This work is supported by Continuum Analytics the XDATA Program and the Data Driven Discovery Initiative from the Moore Foundation
Summary
This post briefly describes potential interactions between Dask and TensorFlow and then goes through a concrete example using them together for distributed training with a moderately complex architecture.
This post was written in haste, see disclaimers below.
Introduction
Dask and TensorFlow both provide distributed computing in Python. TensorFlow excels at deep learning applications while Dask is more generic. We can combine both together in a few applications:
- Simple data parallelism: hyper-parameter searches during training and predicting already-trained models against large datasets are both trivial to distribute with Dask as they would be trivial to distribute with any distributed computing system (Hadoop/Spark/Flink/etc..) We won’t discuss this topic much. It should be straightforward.
- Deployment: A common pain point with TensorFlow is that setup isn’t well automated. This plagues all distributed systems, especially those that are run on a wide variety of cluster managers (see cluster deployment blogpost for more information). Fortunately, if you already have a Dask cluster running it’s trivial to stand up a distributed TensorFlow network on top of it running within the same processes.
- Pre-processing: We pre-process data with dask.dataframe or dask.array, and then hand that data off to TensorFlow for training. If Dask and TensorFlow are co-located on the same processes then this movement is efficient. Working together we can build efficient and general use deep learning pipelines.

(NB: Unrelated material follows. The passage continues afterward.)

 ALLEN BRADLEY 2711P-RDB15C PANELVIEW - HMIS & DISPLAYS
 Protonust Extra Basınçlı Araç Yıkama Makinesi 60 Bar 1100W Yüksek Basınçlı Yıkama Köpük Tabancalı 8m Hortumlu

In this blogpost we look very briefly at the first case of simple parallelism. Then go into more depth on an experiment that uses Dask and TensorFlow in a more complex situation. We’ll find we can accomplish a fairly sophisticated workflow easily, both due to how sensible TensorFlow is to set up and how flexible Dask can be in advanced situations.
Motivation and Disclaimers
Distributed deep learning is fundamentally changing the way humanity solves some very hard computing problems like natural language translation, speech-to-text transcription, image recognition, etc.. However, distributed deep learning also suffers from public excitement, which may distort our image of its utility. Distributed deep learning is not always the correct choice for most problems. This is for two reasons:
- Focusing on single machine computation is often a better use of time. Model design, GPU hardware, etc. can have a more dramatic impact than scaling out. For newcomers to deep learning, watching online video lecture series may be a better use of time than reading this blogpost.
- Traditional machine learning techniques like logistic regression, and gradient boosted trees can be more effective than deep learning if you have finite data. They can also sometimes provide valuable interpretability results.
Regardless, there are some concrete take-aways, even if distributed deep learning is not relevant to your application:
- TensorFlow is straightforward to set up from Python
- Dask is sufficiently flexible out of the box to support complex settings and workflows
- We’ll see an example of a typical distributed learning approach that generalizes beyond deep learning.
Additionally the author does not claim expertise in deep learning and wrote this blogpost in haste.
Simple Parallelism
Most parallel computing is simple. We easily apply one function to lots of data, perhaps with slight variation. In the case of deep learning this can enable a couple of common workflows:
Build many different models, train each on the same data, choose the best performing one. Using dask’s concurrent.futures interface, this looks something like the following:
# Hyperparameter searchclient=Client('dask-scheduler-address:8786')scores=client.map(train_and_evaluate,hyper_param_list,data=data)best=client.submit(max,scores)best.result()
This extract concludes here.